The generosity of a late Aberdeenshire landowner is helping to fund cutting-edge research into a disease which affects at least one billion people worldwide*.

Mrs Nadia Moulton-Barrett+ who died in 2010 bequeathed a legacy to Tenovus Scotland Grampian, a charity which supports innovative medical research projects within the Universities and Teaching Hospitals in the north-east of Scotland.

Tenovus Scotland Grampian has used part of the legacy to establish a recurring research studentship known as the Tenovus Scotland Moulton-Barrett Scholarship, which is centred in the Kosterlitz Centre for the discovery and development of new drugs at the University of Aberdeen.

It has been awarded for the first time in 2012 to Karen Thompson, of Rosemount, Aberdeen - a First Class honours graduate in Neuroscience and Psychology.

The 22-year-old will use the funding to undertake a four-year PhD looking at new ways to target hypertension, or high blood pressure, a risk factor for strokes, heart attacks, aneurysms and chronic kidney disease

Globally, around 7 million people die every year because of high blood pressure, often called the ‘silent killer’, making it the biggest single risk factor for death worldwide**.

Karen’s work will investigate receptors in nerve endings which modulate messages to the brain about changes in blood pressure.

She said: “We know that blood vessels have nerve endings, known as baroreceptors, which are constantly monitoring changes in blood pressure and send messages about these changes to the brain.

“The activity of these receptors can be increased with electrical stimulators to help reduce blood pressure but this is expensive, involves surgery in high risk patients and can cause discomfort.

“For my PhD I will be part of a team who discovered a new drug target in these nerve endings, and so I will be testing the idea that a drug activating this receptor may be a better treatment.”

Karen said the Tenovus Scotland Moulton-Barrett Scholarship will facilitate her receiving enhanced mentoring from representatives of Tenovus Scotland Grampian, as well as through the Medical Research Council student support scheme.
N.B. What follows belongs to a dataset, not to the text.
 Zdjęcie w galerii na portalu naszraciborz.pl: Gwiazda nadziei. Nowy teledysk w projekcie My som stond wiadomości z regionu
The Scholarship has enabled her to continue with her studies in a city she has come to regard as home. “I’m originally from Edinburgh but I fell in love with Aberdeen while doing my undergraduate degree and I’m very grateful that the Scholarship is enabling me to investigate this important area of medical research here in the Granite City,” she added.

“The Kosterlitz Centre for Therapeutics is committed to helping translate biological innovation into new medicines, therapeutic strategies and health benefits and I’m lucky to be working in a centre of excellence with very committed supervisors.”
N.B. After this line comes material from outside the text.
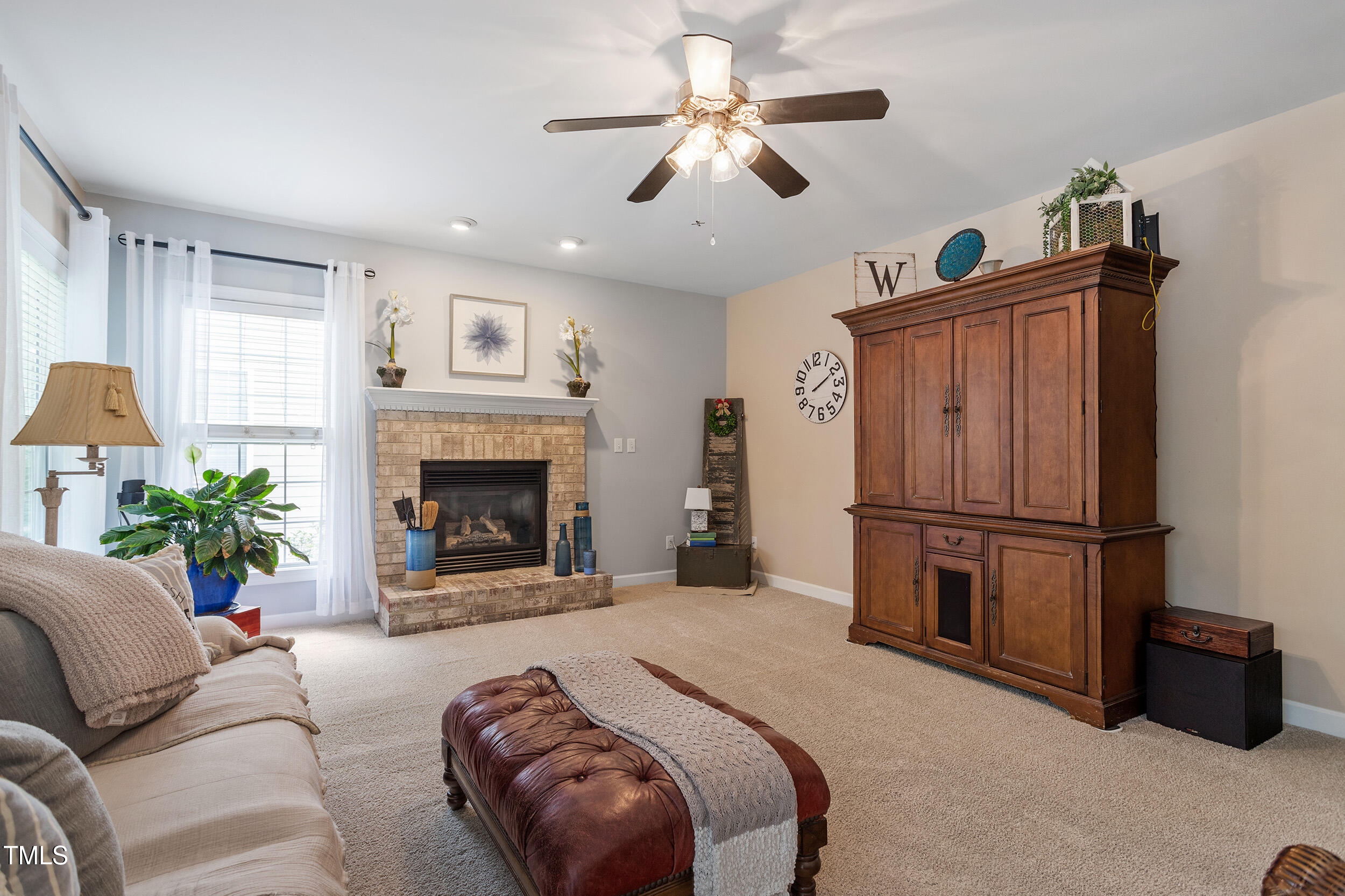 2422 Castleburg Drive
“It is exciting to think that the work I will be undertaking could potentially make a difference to so many people’s lives and that is great motivation to come into the labs each day.”

Tenovus Scotland Grampian has been involved in fund raising in the Grampian area for the past 40 years. Over that time, more than £800,000 has been raised and spent locally in encouraging basic and applied research in innovative pilot projects by scientists and doctors tackling diseases prevalent in the NE. 
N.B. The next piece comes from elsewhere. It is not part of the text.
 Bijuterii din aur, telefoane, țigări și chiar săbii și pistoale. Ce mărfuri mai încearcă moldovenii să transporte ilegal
Research funded over the years has included work on colon cancer, multiple sclerosis, age related macular degeneration and osteoporosis.

Funding has also been provided for specialised pieces of equipment contributing to the greater good of the research efforts at the University of Aberdeen, including the Rowett Institute of Nutrition and Health, the Robert Gordon University, and NHS Grampian. 

Dr David Galloway, the Chair of Tenovus Scotland Grampian, said: “It is encouraging that for every £1.00 raised, 94p is directed to the research activity in the area.

“Over recent years, some 64% of research grants awarded have seen a multiplier factor which means that on average a grant of £10,000 has led to subsequent research with additional external funding approaching £140,000.

“This is a pattern which has been repeated over many years, and it is the generosity of people in the NE which has made possible projects such as the Scholarship that we are pleased to fund today.”  

Vicki Corbett, Fund Raising Manager, at the Development Trust, University of Aberdeen, said: “University of Aberdeen scholarships have a significant impact on the daily lives of students, benefitting their studies and their whole university experience in so many ways.  Our range of scholarships is designed to provide students with the opportunity to greatly enhance their studies and learning experiences.

“PhD research studentships such as the Tenovus Scotland Moulton- Barrett Scholarship are the lifeblood of innovation and exploration and provide individuals with the opportunity to undertake independent, original research. The PhD experience is very often the first stage of a successful and fulfilling career but also has the potential to benefit society as a whole by answering globally-important questions. This also helps the University to recruit the most promising students from around the world, enriching the intellectual and social community in Aberdeen.”